Il marketing esperenziale domina l’impero dei sensi e dei sensori
Per i brand si tratta di cambiare il tradizionale modello gestionale, incentrato sul prodotto, e di abbracciare una nuova serie di variabili che hanno nell’ascolto del cliente il principale punto di partenza.
“Per analizzare e gestire la customer experience iperframmentata e generare un’esperienza senza frizioni – ha concluso Giuliano Noci, Ordinario di Strategia di Marketing, Politecnico di Milano – le marche devono capire in fretta come l’impero dei sensi e dei sensori si stia avviando verso una rapida converegenza. Il marketing esperenziale, capace di coinvolgere tutti i nostri 5 sensi, trova supporto nell’evoluzione della Internet of Things, dominio dei sensori capaci di ascoltare, di dialogare e di registrare. Il vantaggio competitivo, infatti, si genera sempre più a valle della catena del valore. I prodotti rimangono una commodity ed è la piattaforma di comunicazione ad essere l’elemento abilitante capace di generare valore rispetto al customer journey. La risposta all’iperframmentazione è la creazione di una comfort zone, ovvero di un ecosistema capace di creare delle orbite esperenziali che, agendo da moltiplicatori di forze, riescono ad attirare gli shopper verso la marca che in questo contesto diventa elemento qualificante del campo gravitazionale. Quando si parla di consumatori multicanale, è importante ripensare la dimensione della spazialità e della mobilità considerando la relazione con la digitalità. Bisogna fare attenzione e non assolutizzare l’iperframmentazione e lavorare per creare una risonanza emotiva rispetto alla marca”.
Il consiglio?
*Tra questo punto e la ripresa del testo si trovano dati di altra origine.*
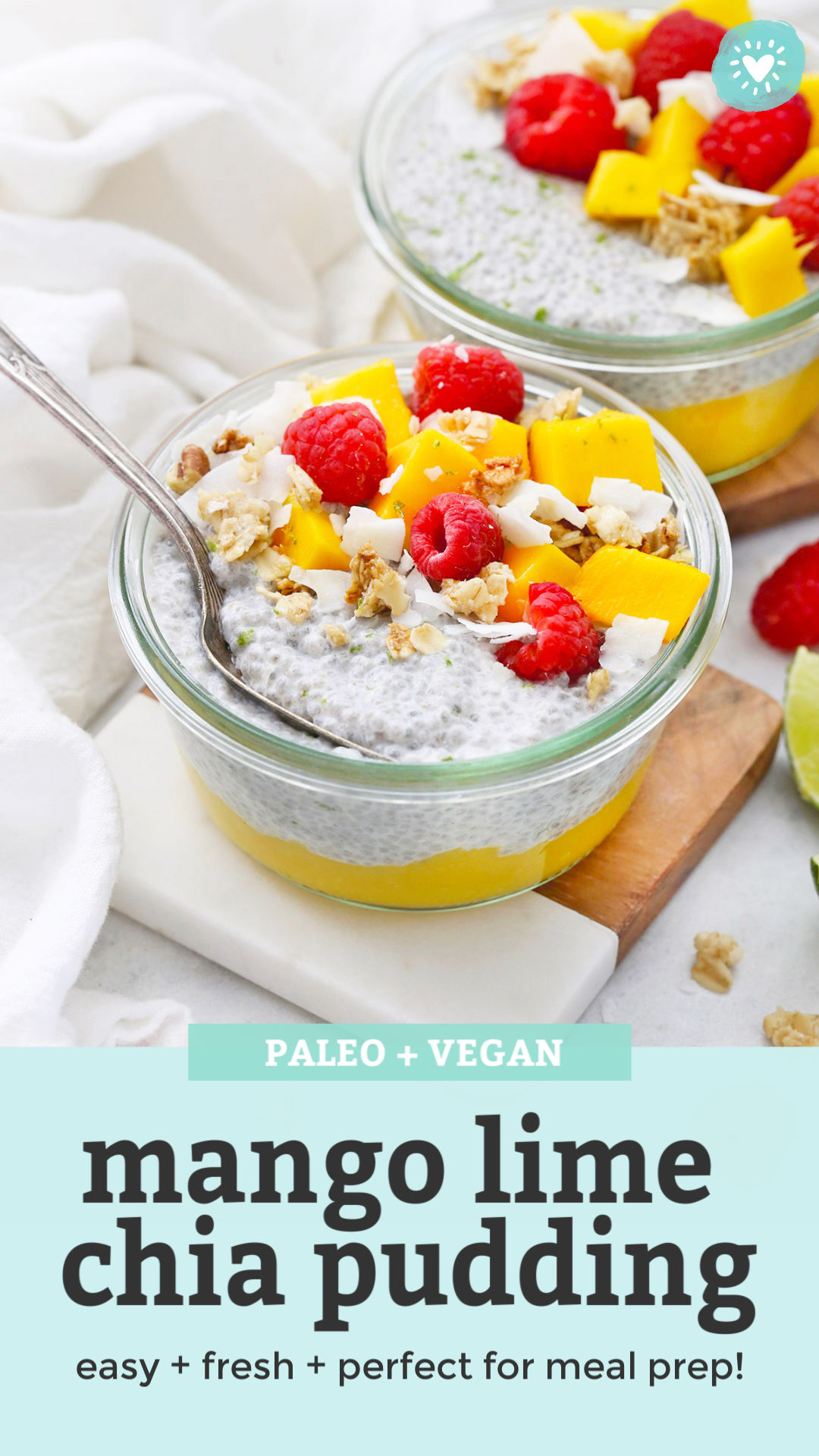 Front View of Jars of Mango Chia Pudding Topped with Raspberries, Granola, and Fresh Mango with text that reads "Paleo & Vegan Mango Lime Chia Pudding. Easy + Fresh + Perfect for meal prep!"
Lavorare su messaggi sempre più personalizzati e negozi caratterizzati dalla massima trasparenza informativa, passando dal concept store alla confort zone perché il concetto di spazio è cambiato e il bundle dell’offerta oggi include la capacità di gestire al meglio l’economia dell’attenzione sfruttando canali fisici e digitali in un’unica soluzione di continuità.